Given material.
# # # #

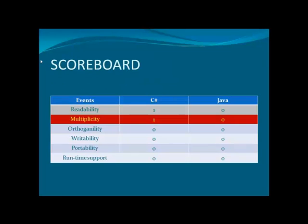Coming back to the scoreboard, related to the event multiplicity, C-Sharp again scores a point. This ultimately proves that the multiplicity of C-Sharp is way more than Java.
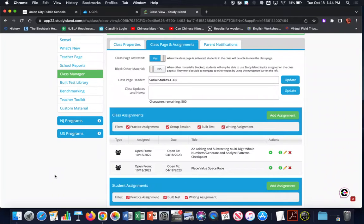Hey guys, Lisa Callagy here to share with you a video on how to run a checkpoint group session using an existing built test in Study Island. In this video we're going to pop back and forth between the teacher's page and perspective and the student's page and perspective when running a group session, so you can see what it looks like from both places and feel more confident when facilitating a group session with your students. Let's get started.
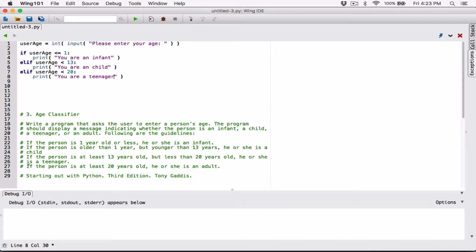If you are not less than or equal to 1, not less than 13, not less than 20, then that means you are 20 and above. We can end this with an elif statement, because the last condition says: if the person is at least 20 years old, he or she is an adult. If you are not less than 20, then you are 20 and above.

# # # #

Directions. Please output all of the data exactly as given, omitting any images it holds.

Task response.
Coming back to the scoreboard, related to the event multiplicity, C-Sharp again scores a point. This ultimately proves that the multiplicity of C-Sharp is way more than Java.
Hey guys, Lisa Callagy here to share with you a video on how to run a checkpoint group session using an existing built test in Study Island. In this video we're going to pop back and forth between the teacher's page and perspective and the student's page and perspective when running a group session, so you can see what it looks like from both places and feel more confident when facilitating a group session with your students. Let's get started.
If you are not less than or equal to 1, not less than 13, not less than 20, then that means you are 20 and above. We can end this with an elif statement, because the last condition says: if the person is at least 20 years old, he or she is an adult. If you are not less than 20, then you are 20 and above.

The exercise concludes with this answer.